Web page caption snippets
◇ ◇ ◇ ◇ ◇ ◇ ◇
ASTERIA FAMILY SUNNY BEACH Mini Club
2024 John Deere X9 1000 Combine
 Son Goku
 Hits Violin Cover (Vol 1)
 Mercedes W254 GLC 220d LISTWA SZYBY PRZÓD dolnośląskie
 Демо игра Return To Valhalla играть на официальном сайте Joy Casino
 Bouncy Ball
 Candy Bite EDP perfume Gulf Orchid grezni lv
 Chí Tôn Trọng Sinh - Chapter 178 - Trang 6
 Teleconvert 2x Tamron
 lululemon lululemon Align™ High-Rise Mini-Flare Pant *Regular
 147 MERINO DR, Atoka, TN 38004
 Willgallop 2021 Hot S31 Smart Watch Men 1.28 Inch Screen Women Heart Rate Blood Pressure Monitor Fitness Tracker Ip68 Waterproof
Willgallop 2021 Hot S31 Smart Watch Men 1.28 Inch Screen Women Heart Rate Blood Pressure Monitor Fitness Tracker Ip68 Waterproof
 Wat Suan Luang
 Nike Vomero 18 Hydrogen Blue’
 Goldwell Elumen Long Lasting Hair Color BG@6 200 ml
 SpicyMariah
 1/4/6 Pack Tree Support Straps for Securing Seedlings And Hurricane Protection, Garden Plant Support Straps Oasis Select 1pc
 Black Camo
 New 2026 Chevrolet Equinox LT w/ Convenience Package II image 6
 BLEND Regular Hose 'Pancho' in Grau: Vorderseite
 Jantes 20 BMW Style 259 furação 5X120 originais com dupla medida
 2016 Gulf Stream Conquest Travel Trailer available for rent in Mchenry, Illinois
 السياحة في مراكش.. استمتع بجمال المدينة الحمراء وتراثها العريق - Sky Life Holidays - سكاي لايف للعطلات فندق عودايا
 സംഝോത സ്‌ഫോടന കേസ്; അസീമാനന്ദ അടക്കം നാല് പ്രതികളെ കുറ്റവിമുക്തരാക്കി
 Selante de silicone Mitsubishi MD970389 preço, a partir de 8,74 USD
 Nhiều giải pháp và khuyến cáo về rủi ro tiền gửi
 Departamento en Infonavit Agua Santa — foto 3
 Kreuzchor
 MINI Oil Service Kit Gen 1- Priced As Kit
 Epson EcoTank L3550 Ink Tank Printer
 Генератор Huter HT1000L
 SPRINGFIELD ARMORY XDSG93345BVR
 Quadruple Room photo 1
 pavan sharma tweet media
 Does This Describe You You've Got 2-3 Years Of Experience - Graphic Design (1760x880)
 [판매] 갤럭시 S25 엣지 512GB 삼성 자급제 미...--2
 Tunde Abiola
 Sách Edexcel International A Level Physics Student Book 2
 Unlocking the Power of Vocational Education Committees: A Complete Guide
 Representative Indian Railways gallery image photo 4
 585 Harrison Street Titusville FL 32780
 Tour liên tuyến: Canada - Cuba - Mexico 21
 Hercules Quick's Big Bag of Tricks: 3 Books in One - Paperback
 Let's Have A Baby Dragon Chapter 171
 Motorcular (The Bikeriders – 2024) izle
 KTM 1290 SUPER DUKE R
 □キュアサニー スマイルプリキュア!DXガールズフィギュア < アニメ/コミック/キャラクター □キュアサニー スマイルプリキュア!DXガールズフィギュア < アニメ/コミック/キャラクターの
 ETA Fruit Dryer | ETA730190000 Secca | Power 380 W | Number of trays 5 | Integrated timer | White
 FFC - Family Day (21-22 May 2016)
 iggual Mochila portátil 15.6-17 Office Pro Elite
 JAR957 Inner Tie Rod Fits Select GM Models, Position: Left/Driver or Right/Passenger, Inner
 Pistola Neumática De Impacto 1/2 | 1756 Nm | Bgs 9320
◇ ◇ ◇ ◇ ◇ ◇ ◇
* What the task requires *
The answer must consist of every line from the data that holds the string "Power".

* Result below *
 Unlocking the Power of Vocational Education Committees: A Complete Guide
 ETA Fruit Dryer | ETA730190000 Secca | Power 380 W | Number of trays 5 | Integrated timer | White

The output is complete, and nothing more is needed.